On Tuesday, November 13, 2018, the Supreme Court granted leave to proceed on the matter of several Fundamental Rights applications contesting the gazette notification issued by the President to dissolve parliament. What this means, in plain language, is that the court has determined that there is a legal matter that requires examination, nothing more, nothing less.

The politicians who went to court cheered what they called was ‘a triumph for democracy’.  Now, had the court determined otherwise, would they have lamented ‘a defeat for democracy,’ one must ask. Anyway, such triumphalism is par for the course. So too, the cheers of the faithful. 

What’s amusing is the angst and subsequent relief of those who claim to be apolitical or at least non-partisan. They include, but are not limited to spokespersons of certain Western diplomatic missions, self-labeled ‘civil society activists,’ certain academics and other professionals. They also include those outside of these circles, for examples, ‘ordinary citizens’ who hold candlelight vigils and posters claiming (perhaps to alleviate embarrassment) ‘this is not about Ranil’.  

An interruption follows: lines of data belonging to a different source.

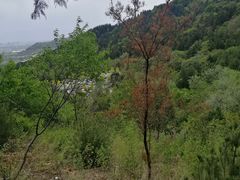 -北京十三陵国家森林公园蟒山景区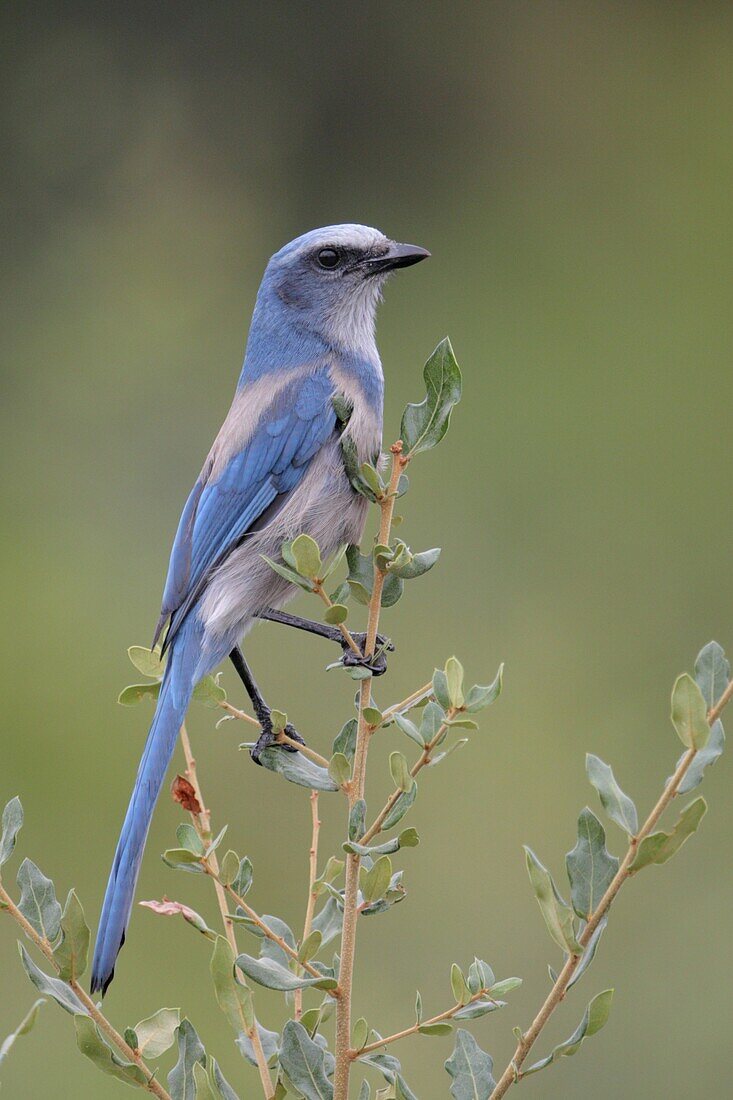 Florida Jay (Aphelocoma coerulescens), Florida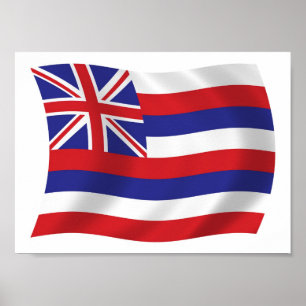 Hawaii Flag Poster Print
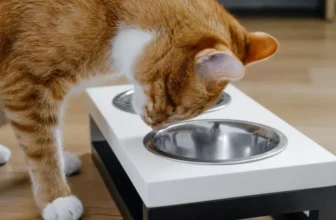 Quels sont les avantages des bols de chat élevés?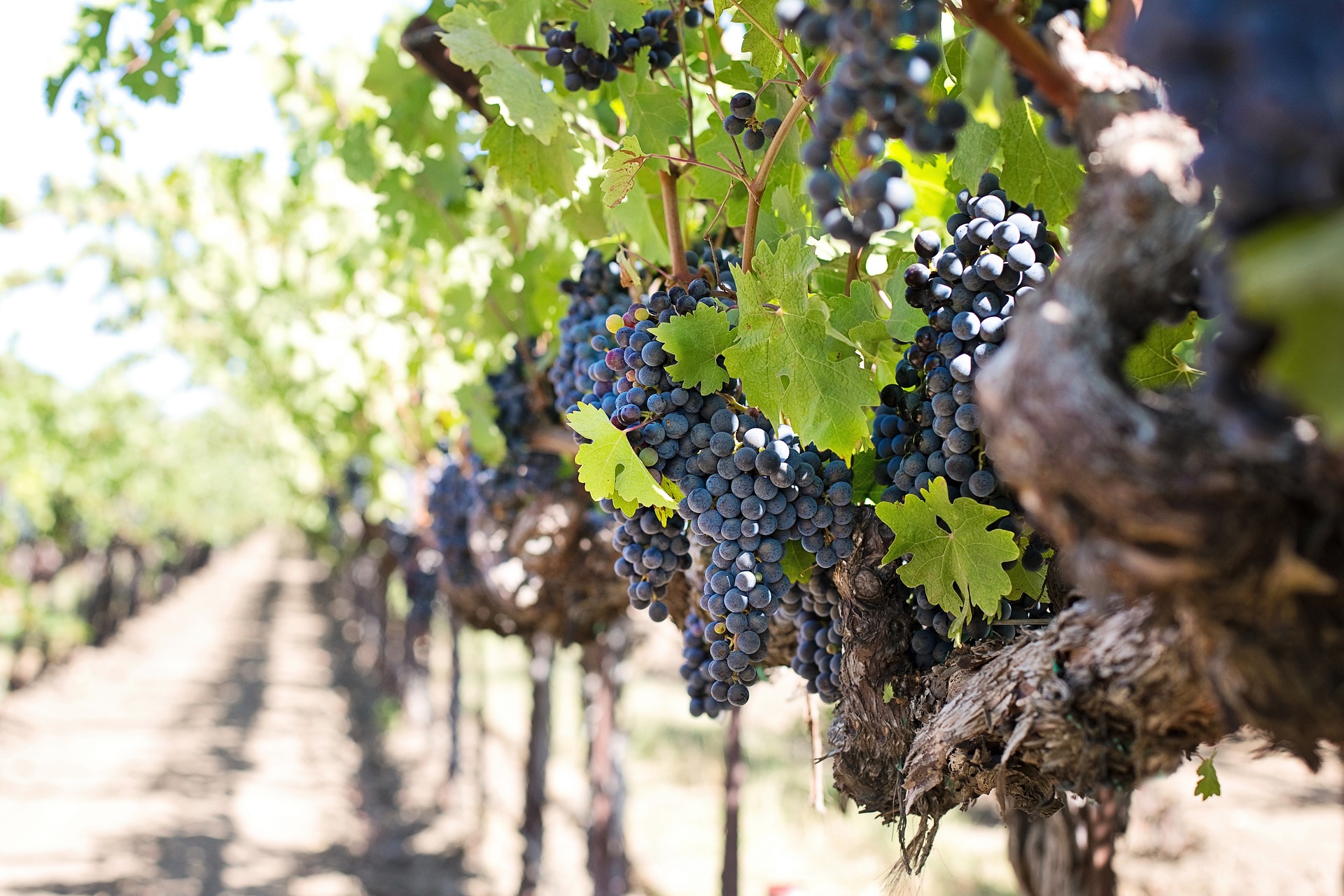 Mudança climática mudará profundamente a produção de vinho, indica estudo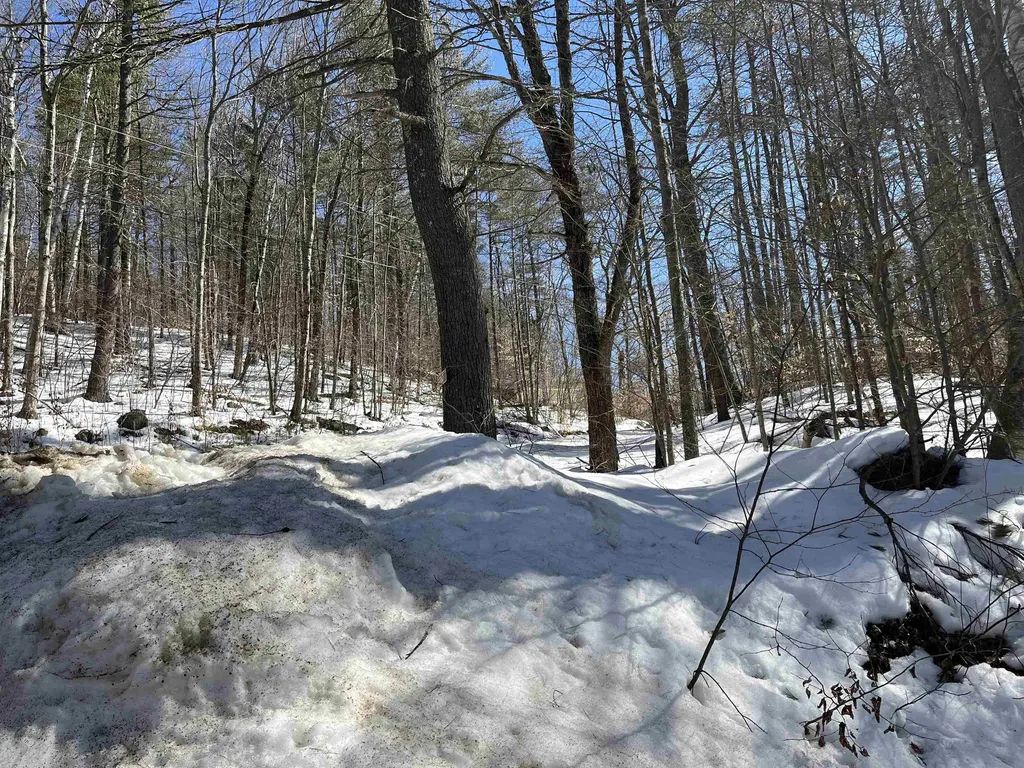Lot 37 David Drive Wakefield NH 03872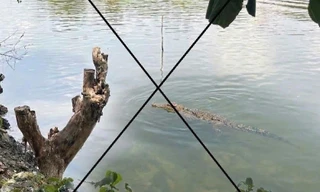 Tạo ảnh cá sấu hù em lại gây xôn xao địa phương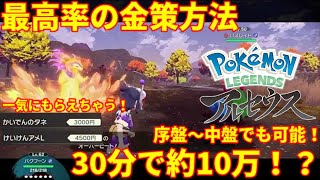 【レジェンズアルセウス】最高率の金策方法はこちら！30分で約10万！？【お金稼ぎ】【Pokemon LEGENDS】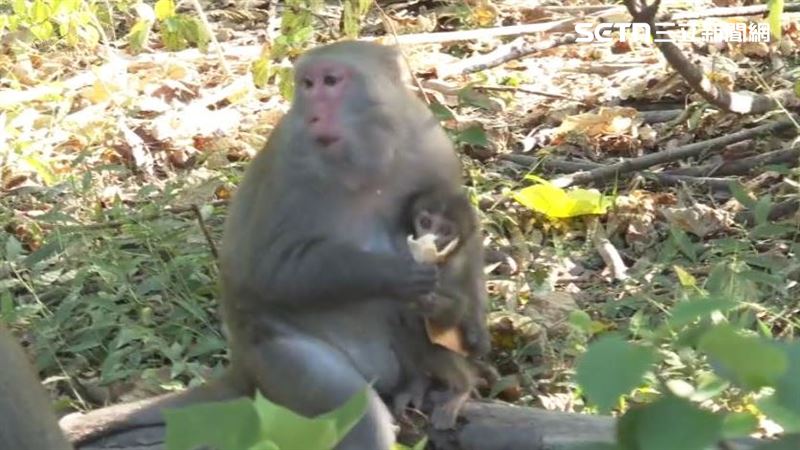 餵食台灣獼猴依現行法令最高能罰1萬元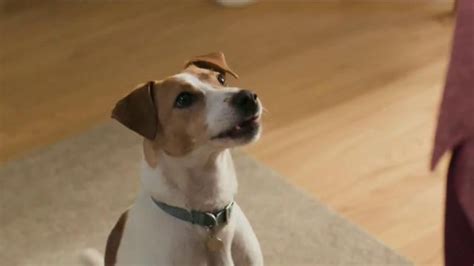 Purina Beneful Chopped Blends TV Spot, 'Yes, I Want to Eat!'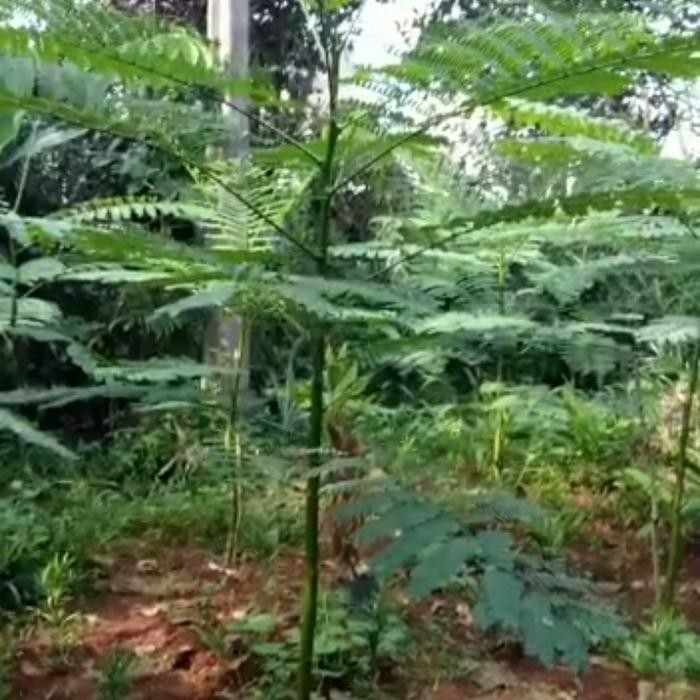 

pohon pakis Brazil/ solobium brazil 1 meter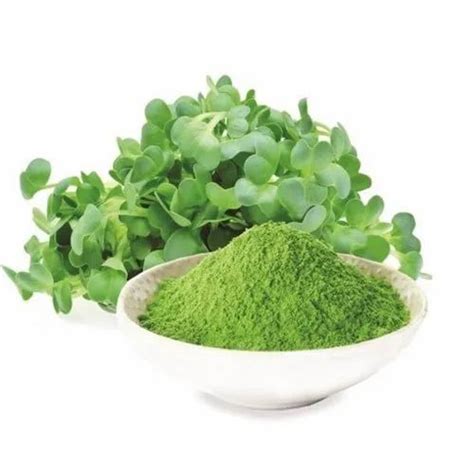 Alfalfa Leaf Powder 25 Kg At Rs 550 Kg In Bhavnagar ID 21845159230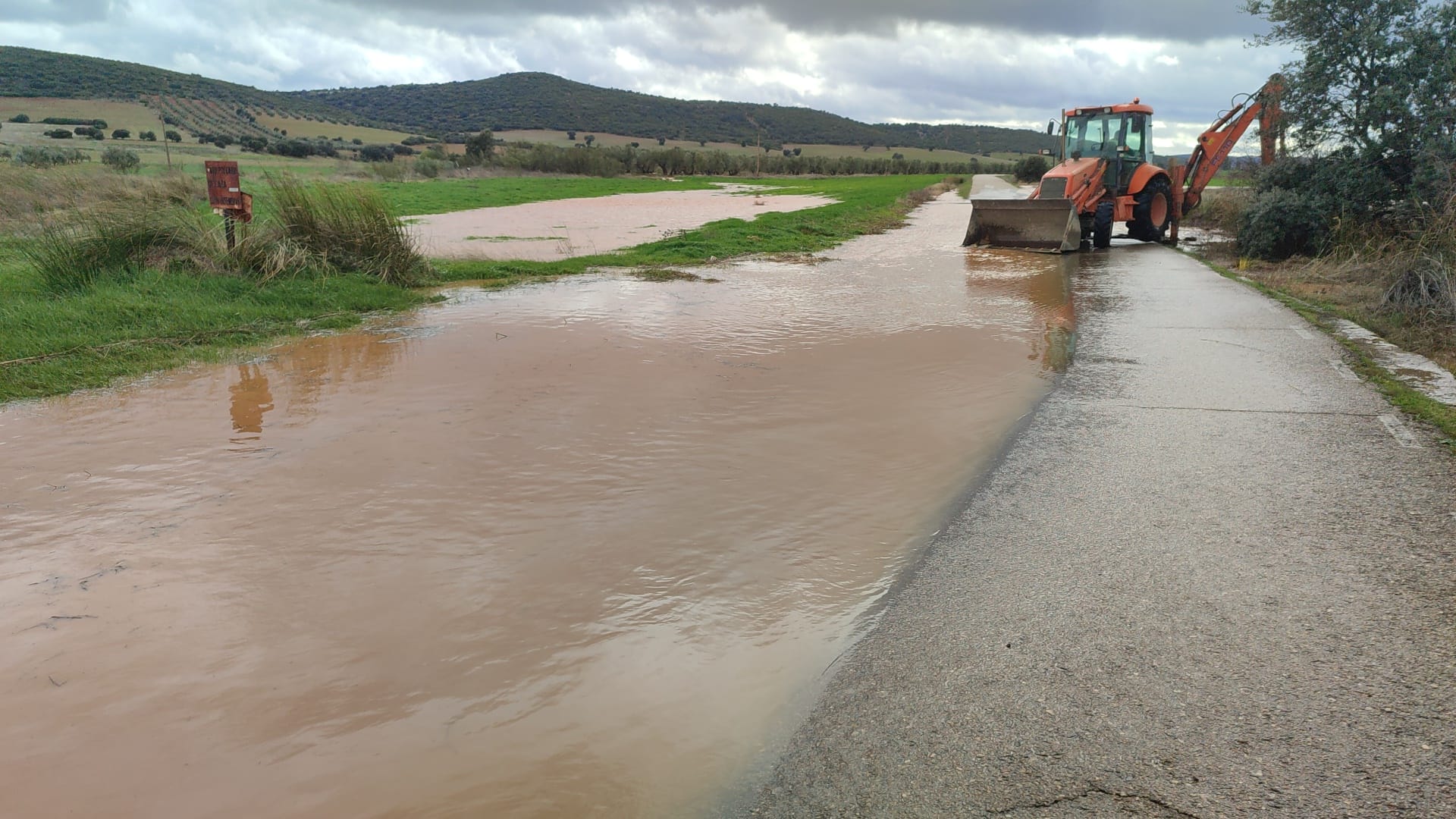 WhatsApp Image 2026-01-28 at 21.19.47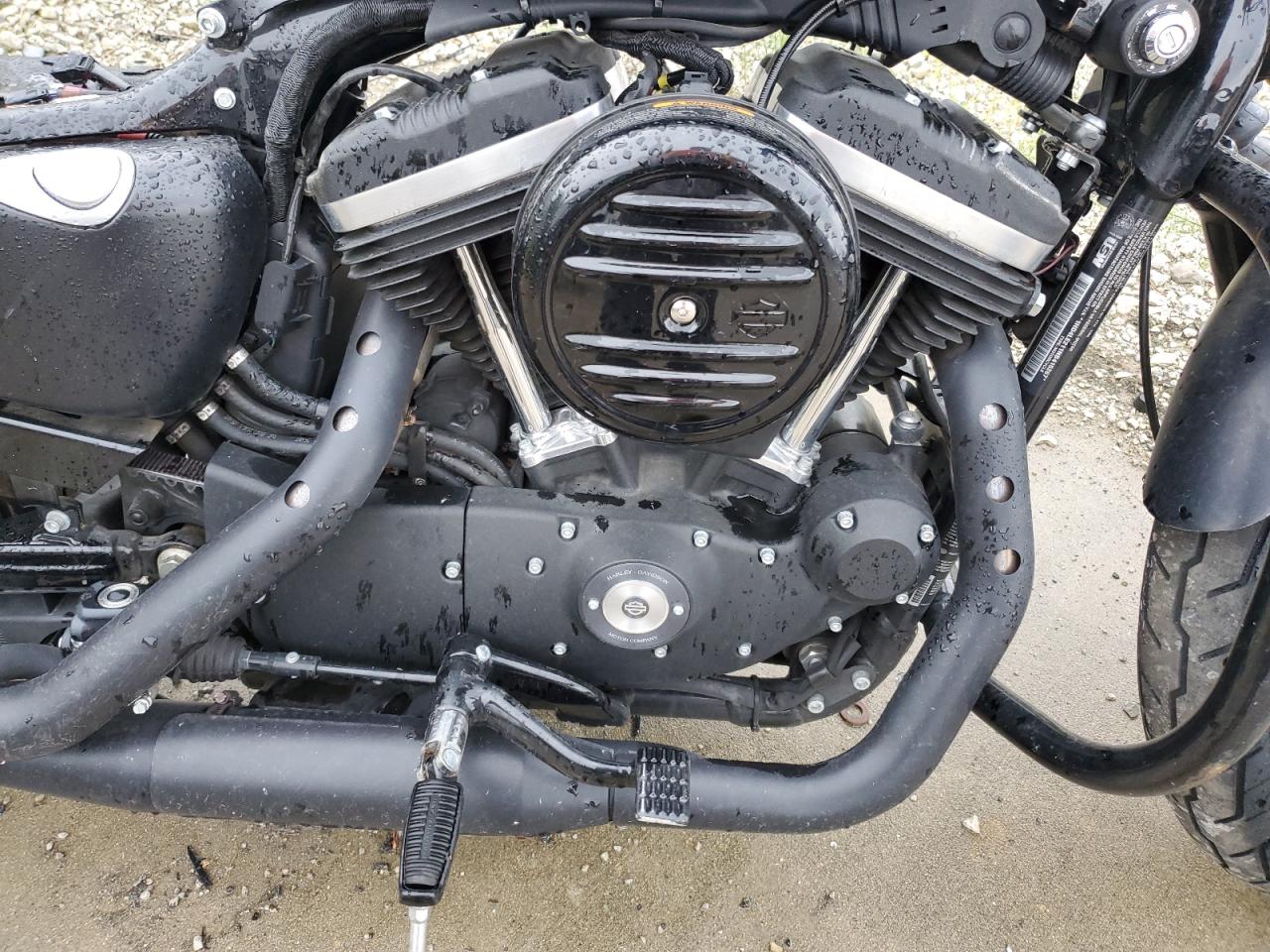 Harley-Davidson Xl883 N N Image 6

Let’s nutshell it. We didn’t hear no whimpers about democracy, darlings, when Maithripala Sirisena appointed Ranil Wickremesinghe as Prime Minister on January 9, 2015 even though the man had less 25% support in Parliament. No whimpers when in April 2015, the Yahapalanists tabled a constitutional amendment drafted by a rank incompetent, Jayampathy Wickramaratne, that had more holes than swiss cheese. The UNP either didn’t see the holes or believed that the hole-guard, Maithripala Sirisena would a) not allow the opposition (the Rajapaksas, as they put it) to creep through it and indeed wouldn’t himself take a crawl. That the Mahinda-Faction of the SLFP voted for it is another matter here. The point is, there were no concerns raised then.

No whimpers when the President and Prime Minister worked to dissolve Parliament the very day the COPE report on the bond scam was to be made public. No whimpers when the democracy-champions used their respective national lists to accommodate persons rejected at the polls by the people. No whimpers when Sarath Fonseka was made an MP and given a ministerial portfolio.  

No whimpers, either in January 2015 or in August the same year when MPs crossed over to the government. But today, ladies and gentlemen, there’s  horror at the possible subversion of democracy. There are whimpers today. And therefore there are hurrahs at what is not an unexpected court ruling considering the fact that the architects of the 19th Amendment were incompetent and slothful. 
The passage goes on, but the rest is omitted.